O Núcleo de Estudos Edward Said, do ICArabe – Instituto de Cultura Árabe (www.icarabe.org), celebrou os 30 anos da publicação da principal obra deste célebre intelectual, Orientalismo, com a realização de um simpósio no Centro Universitário Maria Antônia, em São Paulo, durante os dias 29, 30 e 31 de outubro de 2008. A participação foi aberta ao público e gratuita.
 
O evento debateu como as idéias de Said continuam inspirando novas apreciações e análises ao redor do mundo. Em Orientalismo, o autor demonstrou – pela primeira vez e de forma sistemática – que o que se convencionou chamar de Oriente reflete uma construção intelectual, literária e política do Ocidente, como meio deste ganhar autoridade e poder sobre o primeiro.

Como explica o diretor do Conselho Cultural e Artístico do ICArabe e coordenador deste simpósio, Francisco Miraglia: "o Instituto, cumprindo suas finalidades, teve a iniciativa de organizar este seminário, juntamente com seus parceiros, para indicar a importância do pensamento de Edward Said para a compreensão do que está ocorrendo no mundo atual. Em particular, ao longo dos três dias de evento, foi explicitada a análise rigorosa feita por Said sobre a dependência do saber erudito aos interesses políticos e econômicos hegemônicos”.

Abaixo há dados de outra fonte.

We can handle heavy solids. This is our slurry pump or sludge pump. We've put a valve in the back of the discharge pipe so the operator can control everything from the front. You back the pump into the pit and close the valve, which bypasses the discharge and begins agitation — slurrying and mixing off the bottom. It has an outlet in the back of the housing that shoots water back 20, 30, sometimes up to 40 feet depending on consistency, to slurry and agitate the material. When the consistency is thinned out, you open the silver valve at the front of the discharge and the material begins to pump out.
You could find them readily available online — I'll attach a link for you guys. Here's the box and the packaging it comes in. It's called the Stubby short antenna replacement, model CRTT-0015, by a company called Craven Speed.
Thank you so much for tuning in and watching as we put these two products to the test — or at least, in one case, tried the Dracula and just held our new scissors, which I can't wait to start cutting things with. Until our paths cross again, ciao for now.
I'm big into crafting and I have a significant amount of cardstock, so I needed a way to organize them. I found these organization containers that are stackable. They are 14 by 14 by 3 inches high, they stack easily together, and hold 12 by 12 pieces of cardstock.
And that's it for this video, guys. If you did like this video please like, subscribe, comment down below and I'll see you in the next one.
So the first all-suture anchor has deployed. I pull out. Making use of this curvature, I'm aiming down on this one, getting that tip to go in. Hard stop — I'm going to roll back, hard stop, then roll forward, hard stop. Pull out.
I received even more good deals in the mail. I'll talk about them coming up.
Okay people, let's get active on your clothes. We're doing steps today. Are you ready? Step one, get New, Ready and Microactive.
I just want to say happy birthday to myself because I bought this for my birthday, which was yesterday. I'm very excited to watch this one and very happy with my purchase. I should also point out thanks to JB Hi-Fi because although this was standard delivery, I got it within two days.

Ao demonstrar que na base do pensamento racionalista do século XIX está a criação identitária que opõe Ocidente a Oriente, a obra de Said tem instigado a própria renovação dos conceitos fundamentais das mais diversas disciplinas humanistas. Onde se percebe que o rigor e a suposta neutralidade axiológica têm sido decisivamente influenciados pelos interesses econômicos e políticos da sociedade produtora dos conceitos e métodos de trabalho que embasam essas disciplinas.

Soraya Smaili, presidente do ICArabe, diz: "Said é um intelectual universal e não apenas dos árabes. O Orientalismo e toda a sua obra evidenciam-se atuais a cada dia. Said é um exemplo de intelectual engajado e por isso tantos estudiosos brasileiros têm se reunido para discutir e debater sua obra. Neste contexto, o simpósio “Orientalismo – 30 Anos" surgiu como mais uma oportunidade para o contato com o conhecimento por ele produzido”.

Além de trazer uma rica programação e temas fundamentais para serem discutidos por membros de governo e acadêmicos das principais universidades brasileiras (veja quadro abaixo), a programação de “Orientalismo – 30 Anos" incluiu também a exibição do filme Conhecimento é o Início (Knowledge is the Beginning – Alemanha – 2006), com direção de Paul Smaczny.

O vídeo-documentário mostrou como o encontro entre o maestro e pianista judeu Daniel Barenboim e o intelectual palestino Edward Said rendeu belos frutos: a Orquestra Ocidental-Oriental de Divan – formada por músicos de 14 a 25 anos oriundos do Egito, Israel, Jordânia, Líbano, Síria e Tunísia.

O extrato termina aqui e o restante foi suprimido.